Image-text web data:
════════

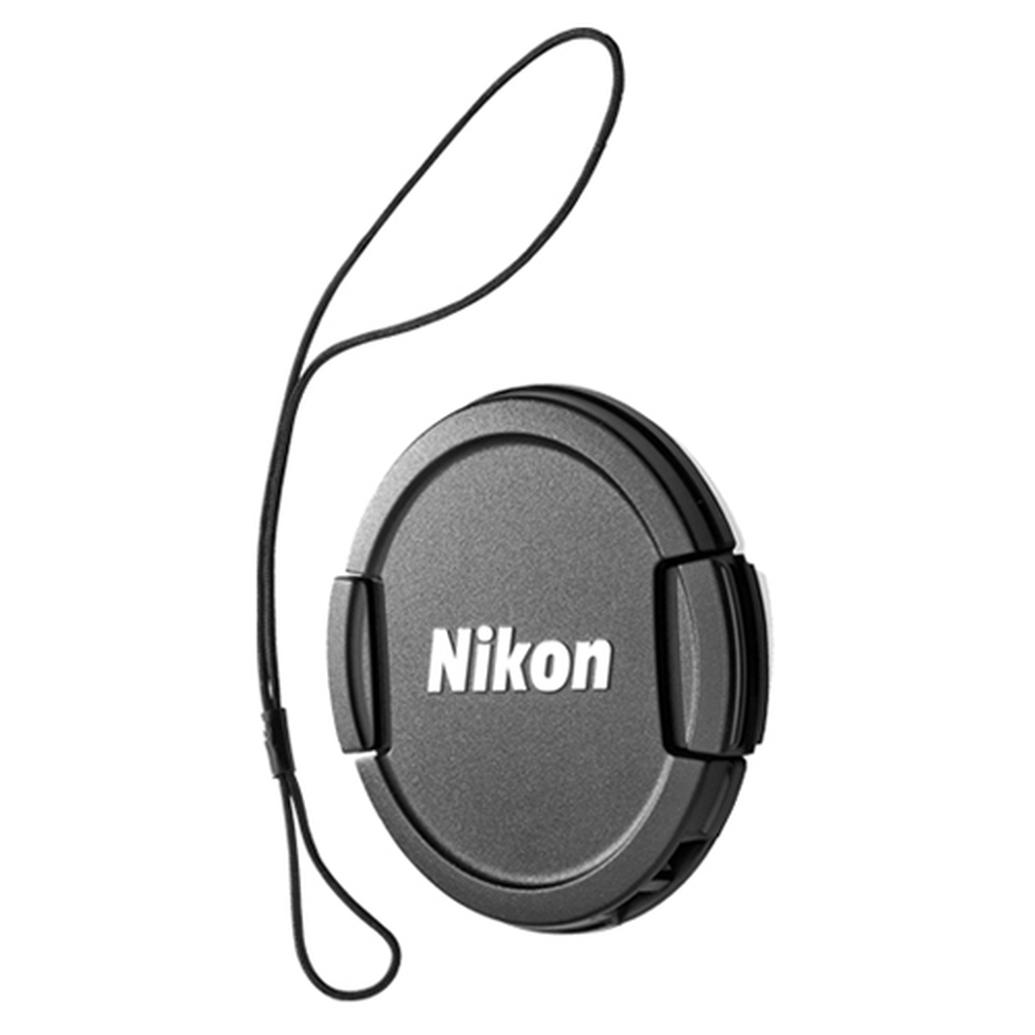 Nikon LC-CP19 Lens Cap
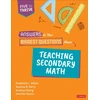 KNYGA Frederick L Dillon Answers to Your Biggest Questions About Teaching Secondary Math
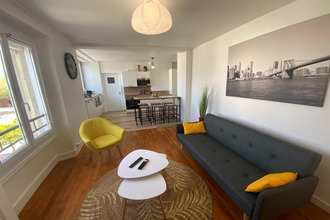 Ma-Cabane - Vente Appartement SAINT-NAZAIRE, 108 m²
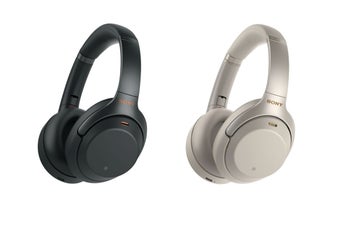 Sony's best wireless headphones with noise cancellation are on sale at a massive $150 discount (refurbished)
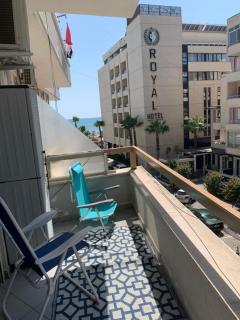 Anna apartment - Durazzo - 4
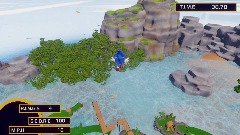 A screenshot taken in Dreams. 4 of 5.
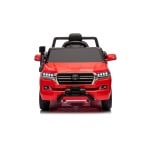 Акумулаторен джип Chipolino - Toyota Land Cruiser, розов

════════

What you are asked to do:
When restating the records word for word, omit any picture they contain.

Exercise solution:
 Nikon LC-CP19 Lens Cap
 KNYGA Frederick L Dillon Answers to Your Biggest Questions About Teaching Secondary Math
 Ma-Cabane - Vente Appartement SAINT-NAZAIRE, 108 m²
 Sony's best wireless headphones with noise cancellation are on sale at a massive $150 discount (refurbished)
 Anna apartment - Durazzo - 4
 A screenshot taken in Dreams. 4 of 5.
 Акумулаторен джип Chipolino - Toyota Land Cruiser, розов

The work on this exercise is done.